# [Exercise inputs]

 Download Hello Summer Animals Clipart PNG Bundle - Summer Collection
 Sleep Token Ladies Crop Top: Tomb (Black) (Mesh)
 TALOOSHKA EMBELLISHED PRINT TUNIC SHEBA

---

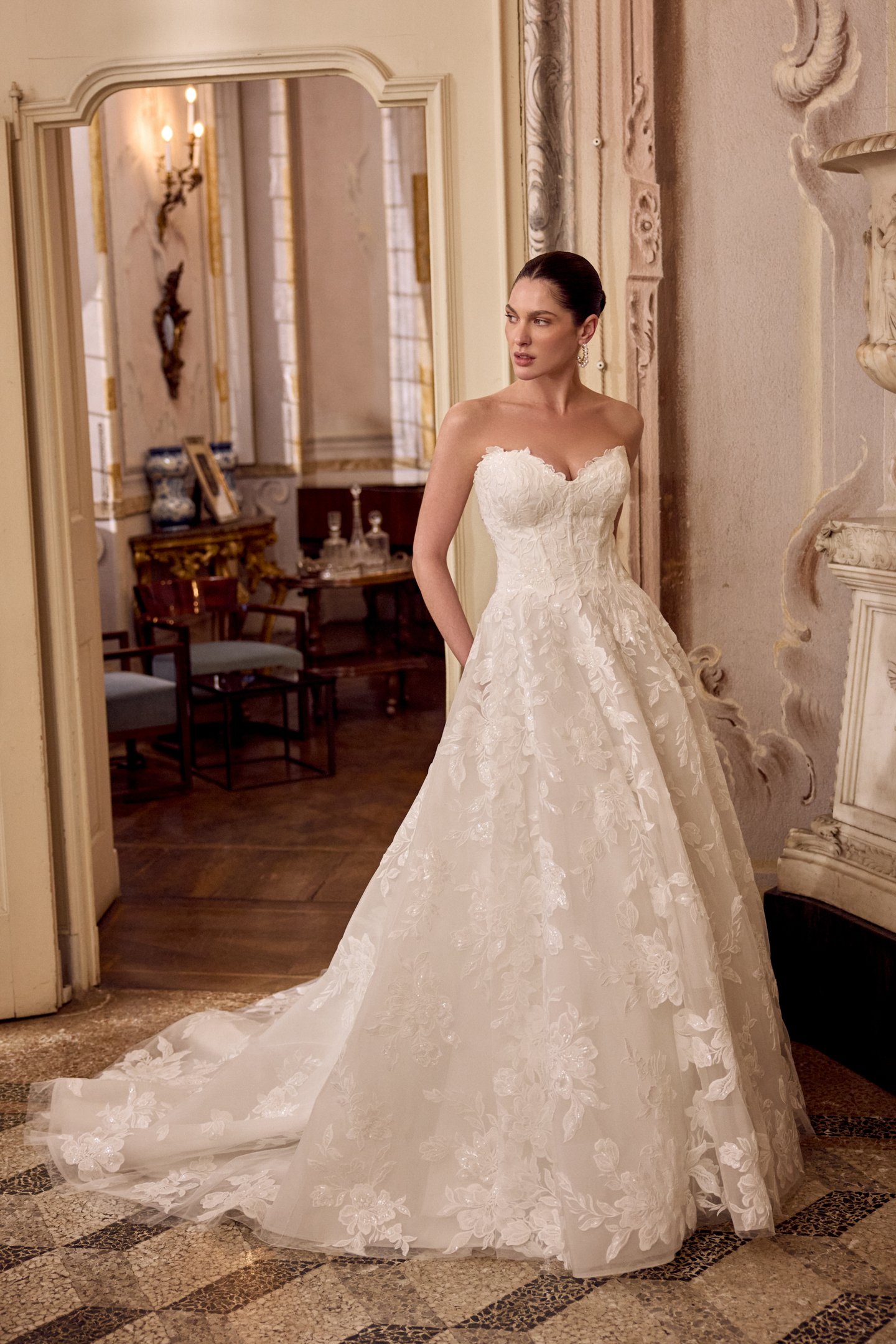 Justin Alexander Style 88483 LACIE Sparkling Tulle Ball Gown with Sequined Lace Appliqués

# [Exercise brief]
Beginning with the line that has "Sleep Token Ladies" and ending with the line that has "TALOOSHKA EMBELLISHED PRINT TUNIC SHEBA", set down the lines above exactly and include no others.

# [Solved problem]
 Sleep Token Ladies Crop Top: Tomb (Black) (Mesh)
 TALOOSHKA EMBELLISHED PRINT TUNIC SHEBA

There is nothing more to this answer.